How to scrape all the posts from a subreddit from a specific period of time?

Question:

I’m trying to retrieve all the posts from a subreddit that were created in 2020-2021.

Below is the code I wrote to try to solve this

import datetime

subreddit = reddit_read_only.subreddit("SuicideWatch")

# Scraping the top posts of all time
posts = subreddit.top("all")
 
posts_dict = {"Title": [], "Post Text": [],
              "ID": [], "Score": [],
              "Total Comments": [], "Post URL": []
              }

start_date = '01-01-20 00:00:00'
start_date = datetime.datetime.strptime(start_date, '%d-%m-%y %H:%M:%S').timestamp()

end_date = '31-12-21 12:00:00'
end_date = datetime.datetime.strptime(end_date, '%d-%m-%y %H:%M:%S').timestamp()


for post in posts:
    # Date of each posts' creation
    date = post.created
    if start_date < date < end_date:
        # Title of each post
        posts_dict["Title"].append(post.title)
     
        # Text inside a post
        posts_dict["Post Text"].append(post.selftext)
     
        # Unique ID of each post
        posts_dict["ID"].append(post.id)
     
        # The score of a post
        posts_dict["Score"].append(post.score)
     
        # Total number of comments inside the post
        posts_dict["Total Comments"].append(post.num_comments)
     
        # URL of each post
        posts_dict["Post URL"].append(post.url)
 
# Saving the data in a pandas dataframe
top_posts = pd.DataFrame(posts_dict)
top_posts

This worked however, it only returned 72 posts.

Asked By: user21126867

||

Answers:

It’s not possible to use PRAW to retrieve posts between two dates. This functionality was removed from version 6.0.0. (GitHub issue)

This feature was removed from Reddit’s API, and so it was removed from PRAW in version 6.0.0. If you want this functionality, you may be interested in pushshift.io, which is unaffiliated with PRAW.

Answered By: Corralien

I was able to solve this. Since I wasn’t able to search for posts between a set of dates. I just looked for posts after my start date so that date > start_date.

I also modified one line to set the limit as None so it returned over the default limit of 100 posts.

posts = subreddit.top(time_filter = "all", limit = None)

This resulted in scraping 764 posts instead of just 72.

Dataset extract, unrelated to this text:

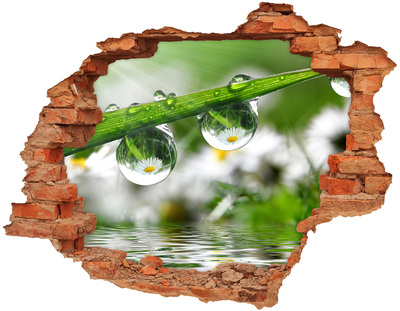 Sticker trou dans le mur Oasis florale avec des gouttes d'eau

Afterwards I altered the "Created On" column into a date using the following:

all_posts['Created On'] = pd.to_datetime(all_posts['Created On'],  unit='s')

Then I was able to filter for posts created in 2020-2021.

Full Code Below:

import praw
import pandas as pd
import datetime

subreddit = reddit_read_only.subreddit("SuicideWatch")

# Scraping the top posts of all time
posts = subreddit.top(time_filter = "all", limit = None)
 
posts_dict = {"Title": [], "Post Text": [],
              "ID": [], "Score": [], "Upvote Ratio": [],
              "Total Comments": [],"Created On":[], "Post URL": [],
              "Original Content": []
              }

start_date = '01-01-20 00:00:00'
start_date = datetime.datetime.strptime(start_date, '%d-%m-%y %H:%M:%S').timestamp()

for post in posts:
    # Date of each posts' creation
    date = post.created_utc
    if date > start_date:
        # Title of each post
        posts_dict["Title"].append(post.title)
     
        # Text inside a post
        posts_dict["Post Text"].append(post.selftext)
     
        # Unique ID of each post
        posts_dict["ID"].append(post.id)
     
        # The score of a post
        posts_dict["Score"].append(post.score)
        
        # Upvote Ratio of a post
        posts_dict["Upvote Ratio"].append(post.upvote_ratio)
     
        # Total number of comments inside the post
        posts_dict["Total Comments"].append(post.num_comments)
         
        # Date the post was Created
        posts_dict["Created On"].append(post.created_utc)
        
        # URL of each post
        posts_dict["Post URL"].append(post.url)
        
        # Flair of each post
        posts_dict["Original Content"].append(post.is_original_content)
        
# Saving the data in a pandas dataframe
all_posts = pd.DataFrame(posts_dict)
all_posts['Created On'] = pd.to_datetime(all_posts['Created On'],  unit='s')
all_posts
Answered By: user21126867